Exact Sales Figures: The Needle/Haystack Conundrum

By Carmen 

As part of its continuing coverage of the Clive Cussler/Philip Anschutz lawsuit (more on that below) the LA Times delves into one of the key points of the lawsuit – did Cussler grossly overinflate his sales figures – and fans back into the publishing industry’s general cluelessness vagueness of exact sales figures. Finding data about book sales got easier in 2001, writes Josh Getlin, when Nielsen BookScan, a New York-based firm, began compiling information that measured about 70% of the U.S. book market. Yet there is still confusion in the marketplace. BookScan records sales from major chain stores, a sampling of independent sellers, online firms like Amazon.com, plus Costco, Kmart, Target and Starbucks. But it does not track weekly sales from Wal-Mart, religious stores, gift shops, grocers, drugstores and other outlets.

Meanwhile, publishers routinely withhold full sales figures, saying the information is proprietary. The only people legally entitled to know those numbers are authors and their agents. “The publishing business has never gone out of its way to report actual sales numbers because it has no real interest in doing so,” said Albert Greco, a Fordham University economist who analyzes business trends in the book world. “It’s hard to know what’s real.

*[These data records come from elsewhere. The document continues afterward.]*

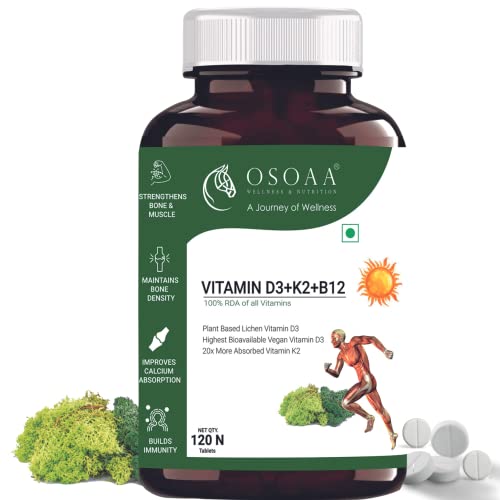 OSOAA 100 RDA Veg Vitamin D3 K2(MK7) B12 for Men & Women 120 Tabs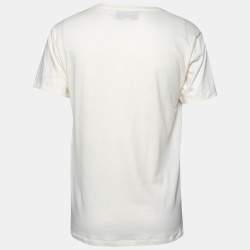 مملوكة مسبقًا Gucci Cream Cotton Logo and Cities Printed Crewneck Short Sleeves T-Shirt S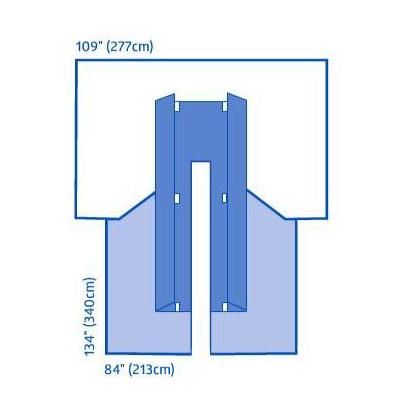 Medline Sterile Cardiovascular Split Drape with Clear Anesthesia Screen, 109" x 134" x 84", 8/CS (DYNJP4006)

If an author on TV talk says his book has sold 1 million copies, only a few people will know if that’s true.” Especially when announced print runs are about twice the number of actual books printed, the despair of returns at full price and the small number of readers as compared to other forms of media.

“Most books don’t have anywhere near the financial success of movies, even unsuccessful movies,” said Cathy Langer, chief buyer for the Tattered Cover Bookstore in Denver. “So if you look at sales figures, it’s not a pretty picture. And when you get so obsessed with numbers, you lose the wonder and creativity that’s basic to the book business.”